Smiles now, but it could all go wrong soon

opinion December 01, 2012 00:00

By Veena Thoopkrajae

6,898 Viewed

Prime Minister Yingluck Shinawatra has done it yet again: "Yinglucked" her way out of trouble. She survived the censure motion in Parliament and received a vote of confidence from the majority of the House. But is that enough?

Love her or hate her, we have to give credit when it is due. It takes something for a novice politician like her to keep a sweet smile on her face while being grilled in Parliament. It brought to my imagination the image of her starring in the lead role in a romantic comedy, an innocent premier in the same light as Bridget Jones, or Elle Wood from “Legally Blonde”, surrounded by politician wolves. 

And I can understand if the public gives her support. Think, if the Parliamentary debate were a movie, she surely landed the role of an underdog. It is natural that we tend to root for the underdog. You may argue that it is not convincing that the prime minister should be one, but Yingluck is still a political novice who has no clue about in engaging in an argument. On the other hand, the opposition benches are filled with top dogs who revel in her incompetence and mistakes.
See, Yingluck is a natural fit for such a role: she doesn’t try to outsmart anyone and she relies heavily on her staff to hand her scripts to answer questions in debates.
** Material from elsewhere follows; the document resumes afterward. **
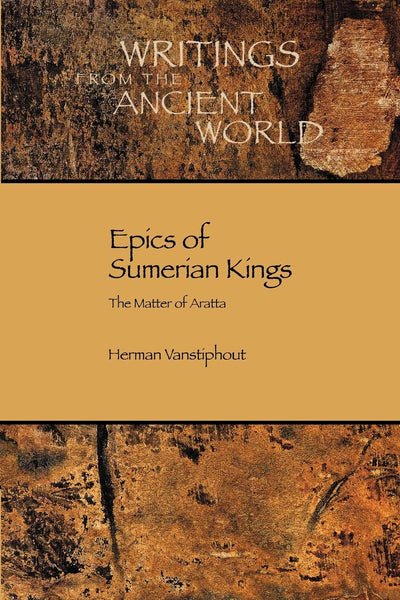 Epics of Sumerian Kings: The Matter of Aratta (Writings from the Ancient World)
We have all seen the funny photos on the social media showing the minions hiding behind her chair and writing scripts for her.
Her scripted answers can’t really save her but if you look at her in the same light as Jones or Wood, you can just laugh along with the “script”. Ask her, “Have you anything to say about corruption in the rice price subsidy scheme?” and she shouts back, “My name is Pou and I’ll do my best for the country.” As a common joke goes, the opposition Democrats just don’t ask the right questions!
There are basically two ways a woman reacts when faced with trouble – argue until she drops dead, or kill the trouble with a sweet smile. Yingluck obviously chooses the latter. The wolves at the Democrat Party tried in vain in the Parliament to lambast her over the irregularities in the rice scheme and the budget for flood prevention. She hardly showed any urgency to counter those allegations. In fact, her smile and calmness almost convinced observers that she might not really understand at all how serious the allegations are, and that she was being grilled not only as the premier but also the chair of the rice scheme.
On the bright side, Yingluck is more confident and comfortable, but the major flaw is still that she is unable to answer any question in depth. Her longest speech, lasting almost an hour, was more like a promotion of government policy rather than an answer to allegations.
“Parliament The Movie” ended up with the premier “Yinglucking” her way out of it, but now that the curtain has closed on that act, she has to face another role, and in this one she might not get any sympathy as the underdog. She has to be accountable for the consequences of the government’s rice scheme. She can forget the Democrats’ allegations if she considers them as politicised issues. But she cannot ignore the warnings from leading academics including former central bank chairman Virabongsa Ramagkura, who is also seen as a government adviser, and former finance minister MR Pridiyathorn Devakula. Both have warned her government that the subsidy policy will cost Thailand dearly. Virabongsa bluntly pointed out that the policy should be immediately scrapped if the government wants to complete its term. He said it opened the door wide to corruption.  
Post censure motion, with the public’s wellbeing involved, Yingluck is in the role of a powerful woman who could be soon transformed into a villain if she takes a wrong path. As well as the Democrat wolves, she is also surrounded by poor farmers and hard-pressed taxpayers who contribute their hard-earned money to subsidise the government’s mistakes.
As Yingluck sighed with relief after victory in the House, she should be aware that the underdog role could be coming to an end. Now she is poised to take the role of leading villain if she fails to do the right thing and prevent people from suffering. 
We hope she will have a “Hollywood” moment and that she eventually becomes the heroine and save us from this policy, for her survival means Thailand’s survival.